Take the lines below from the one with "筷子夾起滷肉飯盒內附贈的現燙空心菜,青翠爽口去油解膩。" through the one with "Elegant afternoon tea" and retype them exactly. Include nothing else, and no pictures.

*** Opening Data extracts ***

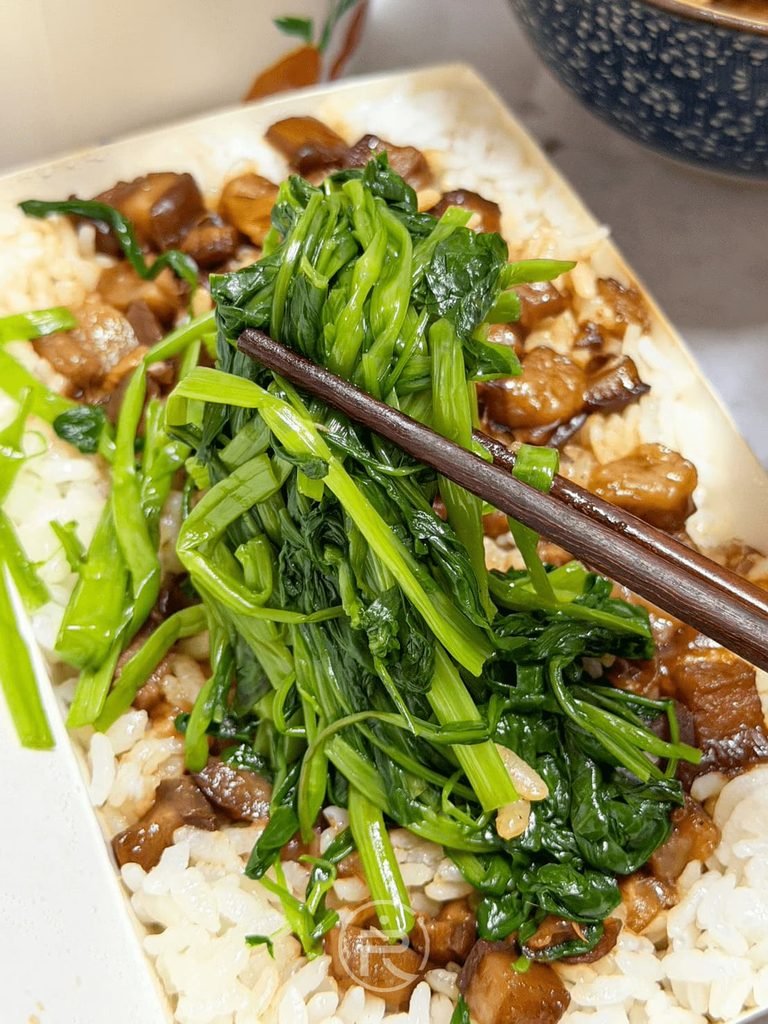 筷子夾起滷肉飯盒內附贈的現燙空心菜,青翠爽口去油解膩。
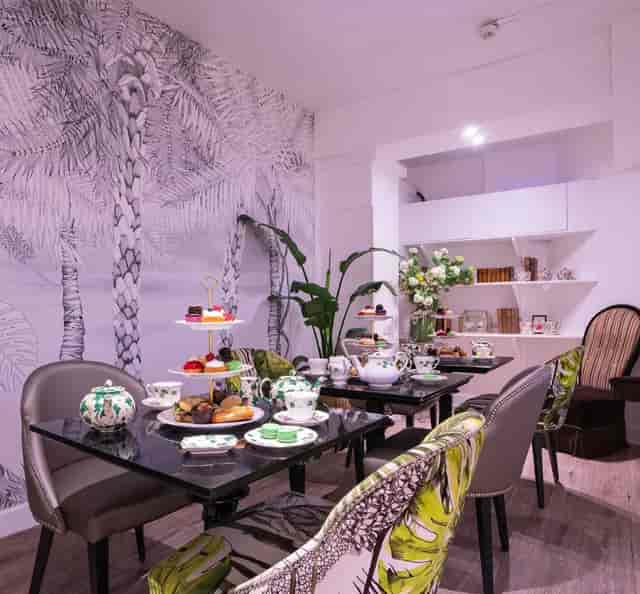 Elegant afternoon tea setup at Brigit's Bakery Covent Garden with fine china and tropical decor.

*** Closing Data extracts ***
*** Opening Data extracts ***

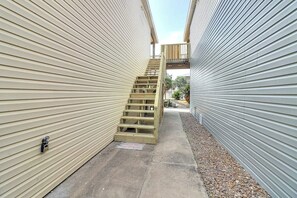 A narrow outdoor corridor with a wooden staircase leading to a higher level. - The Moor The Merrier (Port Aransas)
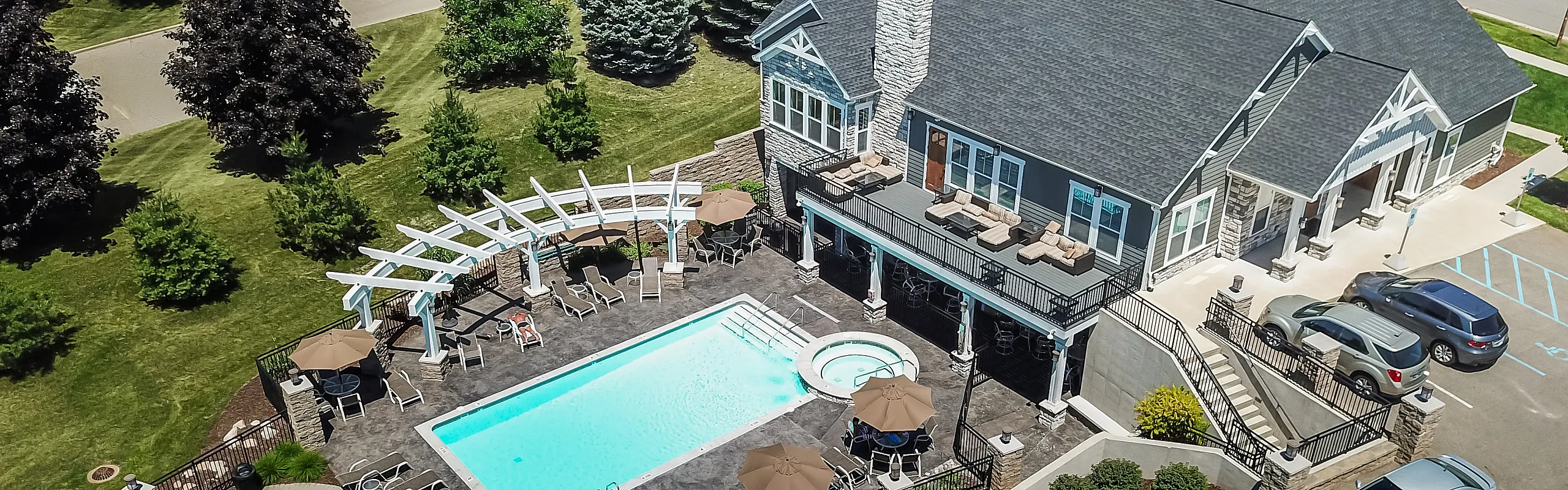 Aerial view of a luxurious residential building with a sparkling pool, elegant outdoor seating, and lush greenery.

*** Closing Data extracts ***

## Answer section
 筷子夾起滷肉飯盒內附贈的現燙空心菜,青翠爽口去油解膩。
 Elegant afternoon tea setup at Brigit's Bakery Covent Garden with fine china and tropical decor.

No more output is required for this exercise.